Traditional systems based on predicate logic are monotonic . Here number of statements known to be true increases with time. New statements are added and new theorems are proved, but the previously known statements never become invalid.
In monotonic systems there is no need to check for in consistencies between new statements and the old knowledge. When a proof is made , the basis of the proof need not be remembered, since the old statements never disappear. But monotonic systems are not good in real problem domains where the information is incomplete, situations change and new assumptions are generated while solving new problems.
Non monotonic reasoning is based on default reasoning or “most probabilistic choice”. S is assumed to be true as long as there is no evidence to the contrary. For example when we visit a friend’s home, we buy biscuits for the children . because we believe that most children like biscuits. In this case we do not have information to the contrary. A computational description of default reasoning must relate the lack of information on X to conclude on Y.

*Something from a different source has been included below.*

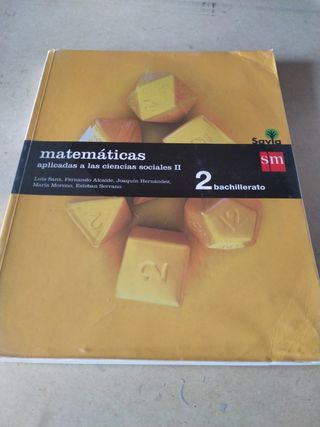 Matemáticas aplicadas 2 bachillerato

Default reasoning ( or most probabilistic choice) is defined as follows:
Definition 1 : If X is not known, then conclude Y.

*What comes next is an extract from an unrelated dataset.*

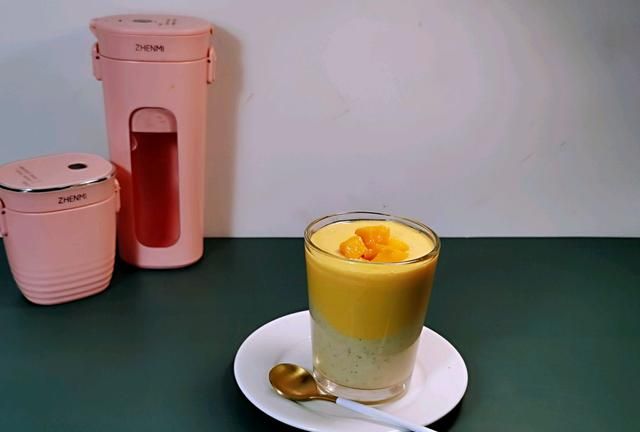在家做“芒果猕猴桃奶昔”：不光是饮料，也是保养品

Definition 2 : If X can not be proved, then conclude Y.
Definition 3: If X can not be proved in some allocated amount of time then conclude Y.
It is to be noted that the above reasoning process lies outside the realm of logic. It conclude on Y if X can not be proved, but never bothers to find whether X can be proved or not. Hence the default reasoning systems can not be characterized formally. Even if one succeeds in gaining complete information at the moment, the validity of the information may not be for ever, since it is a
changing world. What appears to be true now, may be so at a later time ( in a non monotonic system).
One way to solve the problem of a changing world to delete statements when they are no longer accurate, and replace them by more accurate statements. This leads to a non monotonic system in which statements can be deleted as well as added to the knowledge base. When a statement is deleted, other related statements may also have to be deleted. Non monotonic reasoning systems may be necessary due to any of the following reasons.
- The presence of incomplete inforamtio0n requires default reasoning.
- A changing world must be described by a changing database.
- Generating a complete solution to a problem may require temporary
assumptions about partial solutions.
Non monotonic system are harder to deal with than monotonic systems. This is because when a statement is deleted as “ no more valid”, other related statements have to be backtracked and they should be either deleted or new proofs have to be found for them. This is called dependency directed backtracking (DDB). In order to propagate the current changes into the database, the statements on which a particular proof depends, should also be stored along with the proof. Thus non – monotonic systems require more storage space as well as more processing time than monotonic systems.